#### Assignment
Below is a listing; repeat exactly the lines from the one containing "How to Make" to the one containing "Nahida The Dendro", both included.

#### Dataset records
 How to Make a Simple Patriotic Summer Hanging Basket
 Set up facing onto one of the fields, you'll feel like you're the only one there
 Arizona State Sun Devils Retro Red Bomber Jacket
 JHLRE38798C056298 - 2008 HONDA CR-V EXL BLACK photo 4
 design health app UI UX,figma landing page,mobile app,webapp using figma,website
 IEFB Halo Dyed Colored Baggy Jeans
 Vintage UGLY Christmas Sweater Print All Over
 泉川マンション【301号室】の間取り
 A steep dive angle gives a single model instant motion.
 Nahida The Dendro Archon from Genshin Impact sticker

---

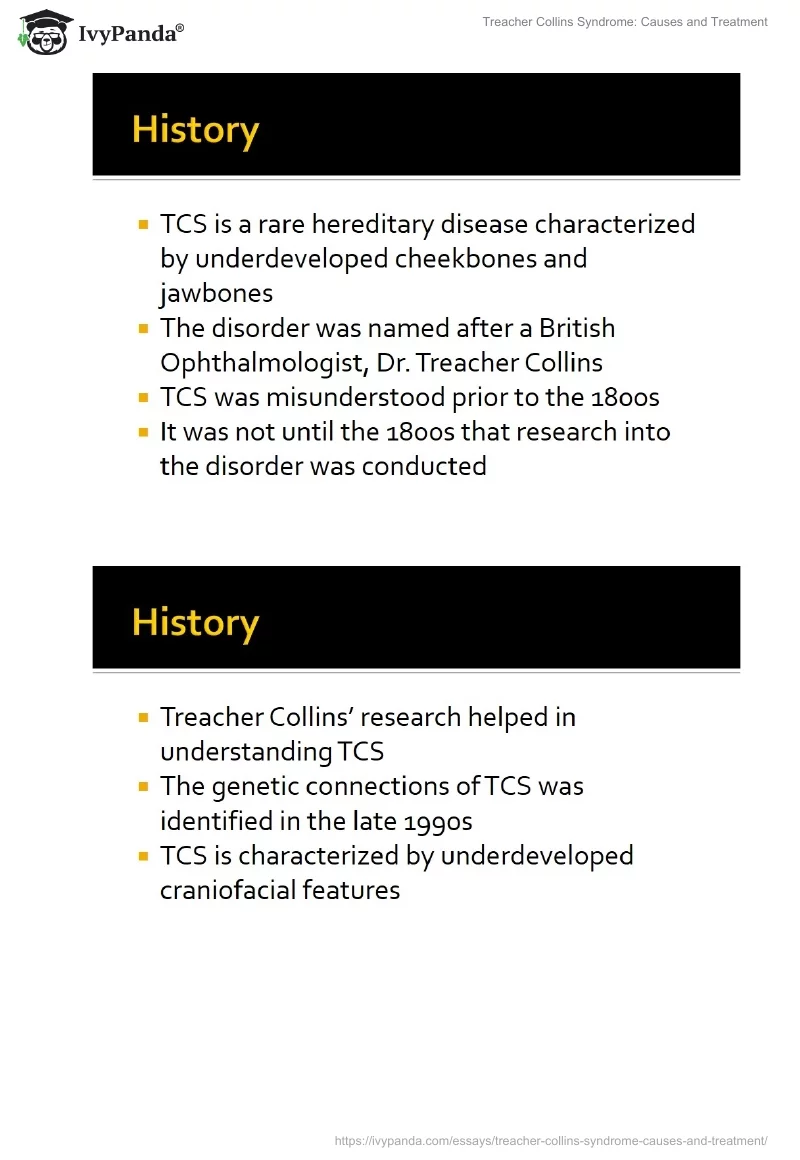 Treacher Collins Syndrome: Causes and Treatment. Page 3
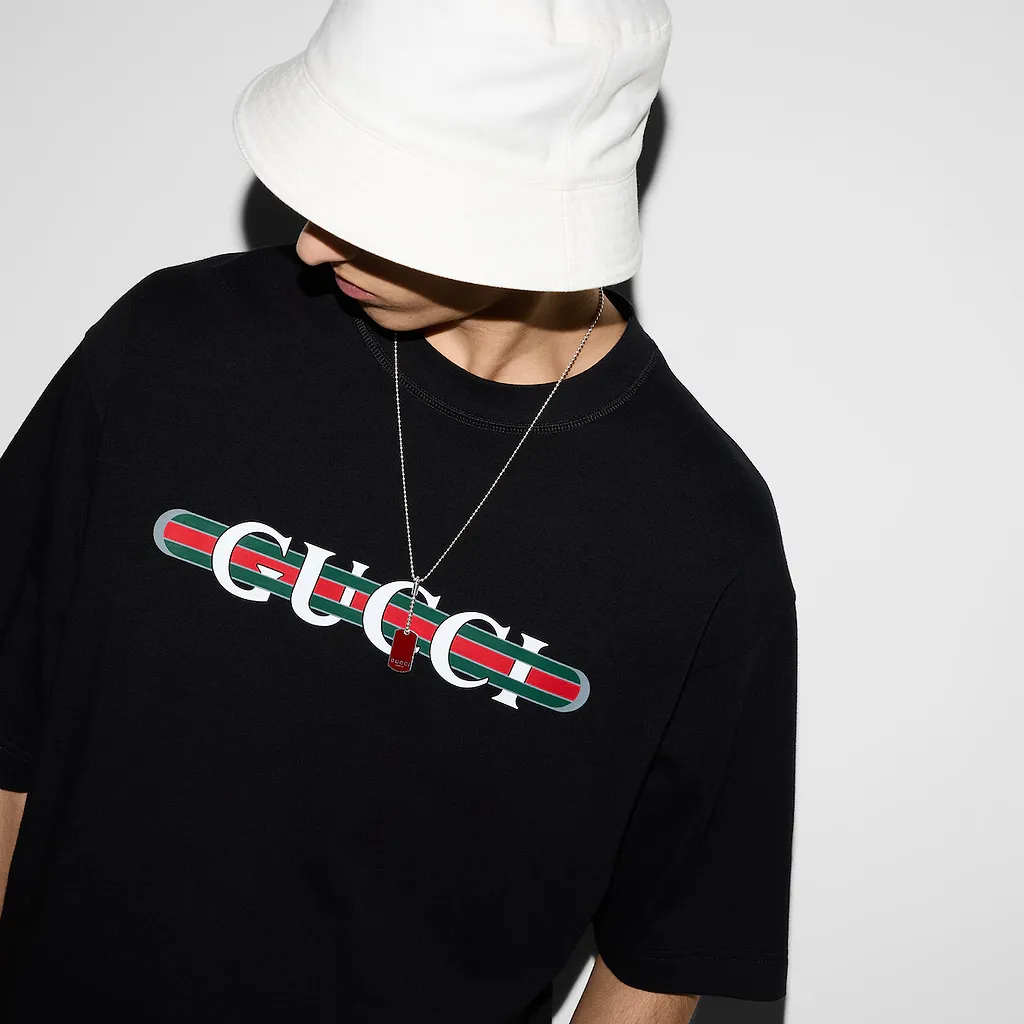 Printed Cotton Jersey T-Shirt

#### Answer section
 How to Make a Simple Patriotic Summer Hanging Basket
 Set up facing onto one of the fields, you'll feel like you're the only one there
 Arizona State Sun Devils Retro Red Bomber Jacket
 JHLRE38798C056298 - 2008 HONDA CR-V EXL BLACK photo 4
 design health app UI UX,figma landing page,mobile app,webapp using figma,website
 IEFB Halo Dyed Colored Baggy Jeans
 Vintage UGLY Christmas Sweater Print All Over
 泉川マンション【301号室】の間取り
 A steep dive angle gives a single model instant motion.
 Nahida The Dendro Archon from Genshin Impact sticker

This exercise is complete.